Ed Day, Rockland County Executive

October 16, 2014
Contact:  Scott Salotto (845) 638-5645



Bold 2015 Spending Plan Reflects Fiscal Realities, Comes In Under State-Mandated Tax Cap

NEW CITY, NY  -- Emphasizing a focus on responsible, forward-thinking fiscal management, County Executive Ed Day today unveiled a proposed 2015 Executive Budget that sets the County on a long-term path toward financial stability.  The $772 million fiscal plan responsibly funds essential services at a minimal cost to taxpayers, while honoring the County Legislature's law mandating a $10 million payment to reduce the deficit.

Through a combination of organizational restructuring and strict cost controls, the 2015 proposed budget holds taxpayer-supported spending on County operations to an increase of 2% for the coming year.

While the cost of running the government is balanced against its anticipated revenue, the budget takes into account the Rockland County Deficit Financing Act, which involves strict oversight by the State Comptroller's Office and requires a $10 million payment to start the process of erasing the prior administration's deficit of $138.5 million.  County Executive Day is fulfilling the mandate of this local law which will result in a property tax increase of 2%. This modest increase marks the first time Rockland County has not exceeded the state-mandated property tax cap introduced by Governor Cuomo in 2011.

"The taxpayers of Rockland County have suffered long enough," said County Executive Day. "After three consecutive years of double-digit tax hikes, this proposal will bring an immediate sigh of relief to the hard-working families across our communities."

As proposed, the average Rockland homeowner will pay an additional $1.67 per month or $20 in County property taxes next year.
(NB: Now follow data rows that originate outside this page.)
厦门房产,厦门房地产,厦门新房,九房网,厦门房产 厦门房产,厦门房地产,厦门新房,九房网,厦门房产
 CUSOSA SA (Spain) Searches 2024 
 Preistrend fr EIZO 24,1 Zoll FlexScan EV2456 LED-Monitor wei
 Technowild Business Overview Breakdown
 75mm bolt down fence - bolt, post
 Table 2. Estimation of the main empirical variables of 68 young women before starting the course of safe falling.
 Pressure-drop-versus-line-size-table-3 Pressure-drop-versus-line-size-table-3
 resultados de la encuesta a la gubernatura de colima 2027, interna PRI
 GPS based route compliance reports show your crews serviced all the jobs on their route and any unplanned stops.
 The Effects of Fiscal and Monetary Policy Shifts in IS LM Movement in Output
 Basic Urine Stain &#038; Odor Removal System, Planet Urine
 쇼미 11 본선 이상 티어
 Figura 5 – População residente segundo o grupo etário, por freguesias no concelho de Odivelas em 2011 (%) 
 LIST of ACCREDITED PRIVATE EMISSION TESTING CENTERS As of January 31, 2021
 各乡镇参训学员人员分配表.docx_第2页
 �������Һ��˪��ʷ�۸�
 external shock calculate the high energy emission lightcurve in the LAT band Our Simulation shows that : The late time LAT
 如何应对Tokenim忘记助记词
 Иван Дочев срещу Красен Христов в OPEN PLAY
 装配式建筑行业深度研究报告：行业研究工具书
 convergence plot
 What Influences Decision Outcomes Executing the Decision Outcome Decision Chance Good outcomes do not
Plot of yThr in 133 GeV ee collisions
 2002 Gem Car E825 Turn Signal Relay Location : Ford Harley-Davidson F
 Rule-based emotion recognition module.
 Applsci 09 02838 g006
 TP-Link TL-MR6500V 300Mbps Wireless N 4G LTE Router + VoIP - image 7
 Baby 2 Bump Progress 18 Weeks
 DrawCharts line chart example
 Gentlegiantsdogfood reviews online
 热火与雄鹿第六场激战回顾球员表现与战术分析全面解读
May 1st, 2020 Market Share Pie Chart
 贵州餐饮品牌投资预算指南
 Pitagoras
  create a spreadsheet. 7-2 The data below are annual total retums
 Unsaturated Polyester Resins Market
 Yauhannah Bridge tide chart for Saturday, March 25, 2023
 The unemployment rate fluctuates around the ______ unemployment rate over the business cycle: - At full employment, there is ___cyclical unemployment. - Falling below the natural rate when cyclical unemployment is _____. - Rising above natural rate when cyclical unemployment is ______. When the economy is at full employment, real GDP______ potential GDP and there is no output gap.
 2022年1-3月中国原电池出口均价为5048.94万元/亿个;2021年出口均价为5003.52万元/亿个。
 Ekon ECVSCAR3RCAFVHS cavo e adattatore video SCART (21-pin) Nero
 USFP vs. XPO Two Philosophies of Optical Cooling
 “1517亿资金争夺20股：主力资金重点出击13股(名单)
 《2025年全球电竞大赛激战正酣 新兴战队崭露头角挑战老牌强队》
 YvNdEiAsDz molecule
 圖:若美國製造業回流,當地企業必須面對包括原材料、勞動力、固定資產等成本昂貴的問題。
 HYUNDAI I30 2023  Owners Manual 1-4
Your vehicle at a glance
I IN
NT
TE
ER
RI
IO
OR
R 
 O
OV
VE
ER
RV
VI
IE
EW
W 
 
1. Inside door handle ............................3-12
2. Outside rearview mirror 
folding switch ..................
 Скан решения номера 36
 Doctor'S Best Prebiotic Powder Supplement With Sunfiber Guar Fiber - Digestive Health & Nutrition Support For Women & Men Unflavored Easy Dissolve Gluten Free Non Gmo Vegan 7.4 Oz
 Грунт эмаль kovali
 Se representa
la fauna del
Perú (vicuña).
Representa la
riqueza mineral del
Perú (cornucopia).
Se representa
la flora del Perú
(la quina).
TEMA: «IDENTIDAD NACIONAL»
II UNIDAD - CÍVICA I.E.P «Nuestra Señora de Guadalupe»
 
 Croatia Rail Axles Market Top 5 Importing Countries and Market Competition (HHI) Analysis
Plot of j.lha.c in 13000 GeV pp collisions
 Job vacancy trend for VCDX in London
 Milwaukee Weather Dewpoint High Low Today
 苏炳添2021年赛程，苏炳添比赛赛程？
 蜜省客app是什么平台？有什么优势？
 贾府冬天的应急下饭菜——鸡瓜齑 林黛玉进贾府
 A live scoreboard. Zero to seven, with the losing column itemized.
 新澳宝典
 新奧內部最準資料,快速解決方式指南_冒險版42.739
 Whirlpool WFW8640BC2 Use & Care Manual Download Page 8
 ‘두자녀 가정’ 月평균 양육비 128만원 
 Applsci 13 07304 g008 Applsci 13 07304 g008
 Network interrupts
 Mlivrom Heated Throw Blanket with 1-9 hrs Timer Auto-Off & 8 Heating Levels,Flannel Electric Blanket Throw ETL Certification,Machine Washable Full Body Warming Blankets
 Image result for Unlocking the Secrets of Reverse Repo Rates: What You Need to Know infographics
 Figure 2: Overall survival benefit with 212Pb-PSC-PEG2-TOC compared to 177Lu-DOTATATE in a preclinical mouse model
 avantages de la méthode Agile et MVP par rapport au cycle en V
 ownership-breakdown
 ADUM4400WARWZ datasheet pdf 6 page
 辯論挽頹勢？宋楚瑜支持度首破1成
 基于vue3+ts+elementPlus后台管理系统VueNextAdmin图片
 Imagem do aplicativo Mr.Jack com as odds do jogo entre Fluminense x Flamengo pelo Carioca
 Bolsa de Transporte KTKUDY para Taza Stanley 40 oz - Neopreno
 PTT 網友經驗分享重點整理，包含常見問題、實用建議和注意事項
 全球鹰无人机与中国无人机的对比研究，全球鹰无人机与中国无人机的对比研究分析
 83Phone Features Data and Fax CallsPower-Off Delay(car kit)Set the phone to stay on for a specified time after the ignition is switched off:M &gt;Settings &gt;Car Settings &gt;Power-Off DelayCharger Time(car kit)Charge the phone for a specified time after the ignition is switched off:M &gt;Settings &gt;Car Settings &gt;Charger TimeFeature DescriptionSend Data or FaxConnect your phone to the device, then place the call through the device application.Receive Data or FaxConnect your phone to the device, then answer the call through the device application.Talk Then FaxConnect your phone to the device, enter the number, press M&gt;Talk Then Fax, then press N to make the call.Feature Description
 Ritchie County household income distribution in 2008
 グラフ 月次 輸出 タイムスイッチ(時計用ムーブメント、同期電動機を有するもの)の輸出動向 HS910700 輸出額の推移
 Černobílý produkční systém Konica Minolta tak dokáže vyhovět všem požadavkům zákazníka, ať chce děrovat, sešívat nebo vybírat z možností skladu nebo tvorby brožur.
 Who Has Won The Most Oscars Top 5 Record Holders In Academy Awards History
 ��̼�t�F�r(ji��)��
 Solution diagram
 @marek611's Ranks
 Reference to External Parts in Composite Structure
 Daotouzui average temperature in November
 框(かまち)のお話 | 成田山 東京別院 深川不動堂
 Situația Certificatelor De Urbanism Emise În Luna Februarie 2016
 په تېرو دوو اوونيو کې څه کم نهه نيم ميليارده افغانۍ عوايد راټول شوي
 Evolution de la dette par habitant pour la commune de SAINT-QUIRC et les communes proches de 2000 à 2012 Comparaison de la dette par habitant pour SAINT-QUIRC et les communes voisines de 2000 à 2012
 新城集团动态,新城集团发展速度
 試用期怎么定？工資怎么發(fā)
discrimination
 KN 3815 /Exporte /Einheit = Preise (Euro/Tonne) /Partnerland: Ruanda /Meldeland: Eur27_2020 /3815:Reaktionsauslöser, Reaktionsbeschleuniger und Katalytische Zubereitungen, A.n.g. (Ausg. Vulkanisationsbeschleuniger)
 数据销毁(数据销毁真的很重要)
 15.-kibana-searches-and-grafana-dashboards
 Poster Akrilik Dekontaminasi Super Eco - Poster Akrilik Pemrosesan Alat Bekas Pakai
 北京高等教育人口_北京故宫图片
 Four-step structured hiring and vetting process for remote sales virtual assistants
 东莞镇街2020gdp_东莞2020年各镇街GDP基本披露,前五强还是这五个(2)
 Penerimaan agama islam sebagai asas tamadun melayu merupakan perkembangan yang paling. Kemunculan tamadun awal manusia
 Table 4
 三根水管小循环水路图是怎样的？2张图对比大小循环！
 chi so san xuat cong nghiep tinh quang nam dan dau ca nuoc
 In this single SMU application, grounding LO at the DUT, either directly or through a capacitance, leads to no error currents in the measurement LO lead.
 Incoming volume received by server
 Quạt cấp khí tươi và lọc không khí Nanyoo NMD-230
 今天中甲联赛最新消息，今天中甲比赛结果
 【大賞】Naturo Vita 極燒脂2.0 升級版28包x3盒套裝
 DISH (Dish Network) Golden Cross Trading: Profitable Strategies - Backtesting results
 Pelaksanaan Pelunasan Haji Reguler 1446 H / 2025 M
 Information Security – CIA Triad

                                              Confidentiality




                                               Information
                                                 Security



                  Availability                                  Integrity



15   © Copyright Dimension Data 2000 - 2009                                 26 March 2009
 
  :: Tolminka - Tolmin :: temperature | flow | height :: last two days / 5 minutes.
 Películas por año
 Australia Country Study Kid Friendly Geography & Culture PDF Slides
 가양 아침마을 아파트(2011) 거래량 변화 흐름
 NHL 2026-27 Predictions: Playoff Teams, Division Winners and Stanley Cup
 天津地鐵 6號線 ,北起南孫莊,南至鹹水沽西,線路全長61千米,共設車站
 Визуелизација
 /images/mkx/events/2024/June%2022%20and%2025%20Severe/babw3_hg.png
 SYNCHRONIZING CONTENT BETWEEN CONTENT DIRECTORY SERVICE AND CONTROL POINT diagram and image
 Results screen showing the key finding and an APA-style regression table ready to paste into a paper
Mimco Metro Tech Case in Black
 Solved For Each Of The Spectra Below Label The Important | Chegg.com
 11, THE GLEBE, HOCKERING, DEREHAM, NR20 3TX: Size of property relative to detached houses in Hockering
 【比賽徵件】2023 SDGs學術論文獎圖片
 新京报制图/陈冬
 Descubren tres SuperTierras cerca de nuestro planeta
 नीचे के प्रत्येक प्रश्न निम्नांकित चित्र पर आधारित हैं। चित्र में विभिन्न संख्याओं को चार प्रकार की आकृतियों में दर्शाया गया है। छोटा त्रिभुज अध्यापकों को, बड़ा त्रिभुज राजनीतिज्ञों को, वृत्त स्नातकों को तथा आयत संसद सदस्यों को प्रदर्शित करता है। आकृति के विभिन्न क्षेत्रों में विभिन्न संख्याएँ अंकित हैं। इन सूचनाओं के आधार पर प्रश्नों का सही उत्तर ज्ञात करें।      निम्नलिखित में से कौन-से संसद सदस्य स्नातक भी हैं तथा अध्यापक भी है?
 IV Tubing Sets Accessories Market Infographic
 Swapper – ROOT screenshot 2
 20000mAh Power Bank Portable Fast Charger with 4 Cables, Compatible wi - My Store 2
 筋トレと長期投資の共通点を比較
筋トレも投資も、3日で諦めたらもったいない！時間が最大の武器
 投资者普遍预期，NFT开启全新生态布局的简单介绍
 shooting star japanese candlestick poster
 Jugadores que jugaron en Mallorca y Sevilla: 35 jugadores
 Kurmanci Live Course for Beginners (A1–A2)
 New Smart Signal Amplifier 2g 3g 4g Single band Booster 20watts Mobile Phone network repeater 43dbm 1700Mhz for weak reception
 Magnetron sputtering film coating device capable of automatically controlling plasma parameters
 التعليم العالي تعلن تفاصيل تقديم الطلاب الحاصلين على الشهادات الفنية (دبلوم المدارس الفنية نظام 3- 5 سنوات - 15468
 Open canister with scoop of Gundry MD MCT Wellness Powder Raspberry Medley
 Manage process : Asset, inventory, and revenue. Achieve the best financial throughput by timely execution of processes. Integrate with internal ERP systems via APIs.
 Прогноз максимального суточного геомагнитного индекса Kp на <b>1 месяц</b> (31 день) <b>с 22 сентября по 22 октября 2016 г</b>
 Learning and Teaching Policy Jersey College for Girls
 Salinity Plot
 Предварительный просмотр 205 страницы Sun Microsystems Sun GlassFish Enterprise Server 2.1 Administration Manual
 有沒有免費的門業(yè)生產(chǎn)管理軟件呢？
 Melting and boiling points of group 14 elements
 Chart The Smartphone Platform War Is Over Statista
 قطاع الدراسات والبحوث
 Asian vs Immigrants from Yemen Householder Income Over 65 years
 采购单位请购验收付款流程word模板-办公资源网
County taxes account for approximately ten percent of a taxpayer's property tax bill. The remainder comes from taxes levied by schools, local governments and special districts. The exact impact of the county tax levy on a property owner varies from community to community, due to different local assessments.

"This is not a political budget," said Day.  "Our plan achieves real, year-to-year savings, the result of a top to bottom restructuring of government operations.  We inherited the most fiscally stressed county in the state, and this budget is a key step in strengthening the extremely fragile financial situation we remain in today."

It is critical to note that the Day Administration's ongoing efforts to rightsize the County workforce, consolidate departments and redesign the government's salary structure have resulted in a minimal tax increase in 2015.  If not for the amount required to pay down the deficit as mandated by the Deficit Financing Act, the County's real property tax levy in 2015 would be 0% rather than 2%.

The FY 2015 budget proposal recalibrates spending to sustainable levels and places the County on the road to eliminating the deficit by 2025, without further squeezing taxpayers.  Said Day, "This is a necessary step to begin recovery from the deficit. We borrowed the money. Now, it's time to pay down the mortgage.  As we work every day to flatten the organization and increase efficiencies, we are mindful of the ten-year payment schedule to dig out of debt.  We will return Rockland to fiscal responsibility and get our county on the road to economic recovery and job growth."

On the revenue side, the County is projecting to exceed its 2014 budget figure of $180 million by nearly $4 million or 2.22%.  The 2015 budget proposal benefits from growth in the sales tax. The sales tax is projected to generate $185 million for the county's coffers in 2015. This is up from the $180 million in the 2014 Adopted Budget, or 2.77 % percent.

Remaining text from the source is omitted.